Finding non-symmetric matrix given real eigenvalues and eigenvectors Given three eigenvectors and three eigenvalues, how would you go about finding BOTH non-symmetric matrix A and symmetric matrix B?
EDIT 7/27:
Sorry for not being specific enough~ In the problem I am given three linearly independent 4x1 eigenvectors u1, u2, and u3 and their respective eigenvectors.  I found out that every vector pairing is orthogonal EXCEPT between u1 and u2 because their dot product is non-zero.
Then, I am asked to find a non-symmetric matrix A and a symmetric matrix B. Matrices A and B share these eigenvectors and eigenvalues.
 A: The question is really unclear. In the following, I assume that the matrices you're looking for are 3x3 matrice, otherwise the answer is trivial.
If your given eigenvectors are linearly independent, then your matrix is completely determined by those three vectors. It is symmetric if and only if they are orthogonal.
Now, if they span a two dimensional vector space, then there are two cases.
If they generate two distinct eigenspaces (each of dimension 1), you can find a symmetric matrix with those eigenvectors if and only if the eigenspaces are orthogonal. You can easily check if this is the case, because in this situation, one the three vectors is proportional to another one. You can also find a non-symmetric matrix by declaring that a third eigenspace is not orthogonal to the first ones, or declaring that the matrix is not diagonalizable.
In the second case, they generate only one eigenspace.
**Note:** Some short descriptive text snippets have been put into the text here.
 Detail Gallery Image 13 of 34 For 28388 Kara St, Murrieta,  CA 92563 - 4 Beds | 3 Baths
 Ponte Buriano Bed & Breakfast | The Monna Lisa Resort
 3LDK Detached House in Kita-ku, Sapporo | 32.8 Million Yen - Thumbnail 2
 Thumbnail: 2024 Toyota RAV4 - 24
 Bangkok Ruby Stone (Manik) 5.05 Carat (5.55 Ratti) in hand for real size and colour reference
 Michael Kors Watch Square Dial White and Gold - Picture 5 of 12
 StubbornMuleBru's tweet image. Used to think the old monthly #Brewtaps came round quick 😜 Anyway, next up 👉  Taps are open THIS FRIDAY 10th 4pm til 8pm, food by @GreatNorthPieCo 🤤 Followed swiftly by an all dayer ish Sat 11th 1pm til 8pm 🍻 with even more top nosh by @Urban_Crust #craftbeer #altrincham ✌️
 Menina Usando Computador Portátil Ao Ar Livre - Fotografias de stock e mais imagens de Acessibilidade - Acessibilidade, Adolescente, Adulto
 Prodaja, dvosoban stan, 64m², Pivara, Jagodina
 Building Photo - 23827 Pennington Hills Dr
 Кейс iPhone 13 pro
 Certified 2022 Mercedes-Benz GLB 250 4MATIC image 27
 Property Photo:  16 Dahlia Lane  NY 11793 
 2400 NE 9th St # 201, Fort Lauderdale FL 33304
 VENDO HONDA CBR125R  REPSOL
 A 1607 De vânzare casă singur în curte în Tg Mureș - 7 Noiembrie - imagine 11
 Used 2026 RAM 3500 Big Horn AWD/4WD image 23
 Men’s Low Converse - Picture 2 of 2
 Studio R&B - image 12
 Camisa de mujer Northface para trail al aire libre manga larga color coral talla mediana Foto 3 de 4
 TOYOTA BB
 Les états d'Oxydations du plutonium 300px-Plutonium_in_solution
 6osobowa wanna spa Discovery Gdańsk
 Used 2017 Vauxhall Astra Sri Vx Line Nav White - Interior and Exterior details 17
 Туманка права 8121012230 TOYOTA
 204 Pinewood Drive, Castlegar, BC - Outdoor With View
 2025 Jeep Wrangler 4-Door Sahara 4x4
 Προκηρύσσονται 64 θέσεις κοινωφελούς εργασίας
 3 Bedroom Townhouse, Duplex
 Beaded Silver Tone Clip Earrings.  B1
You can then find a symmetric matrix declaring that a second eigenspace is orthogonal to the first one and a non-symmetric matrix by declaring it is not, or declaring that the matrix is not diagonalizable.
Now, if your given three vectors span a one dimensional vector space, again you have enough room to do whatever you want.
Of course, in each situation, there are compatibility conditions with your given eigenvalues!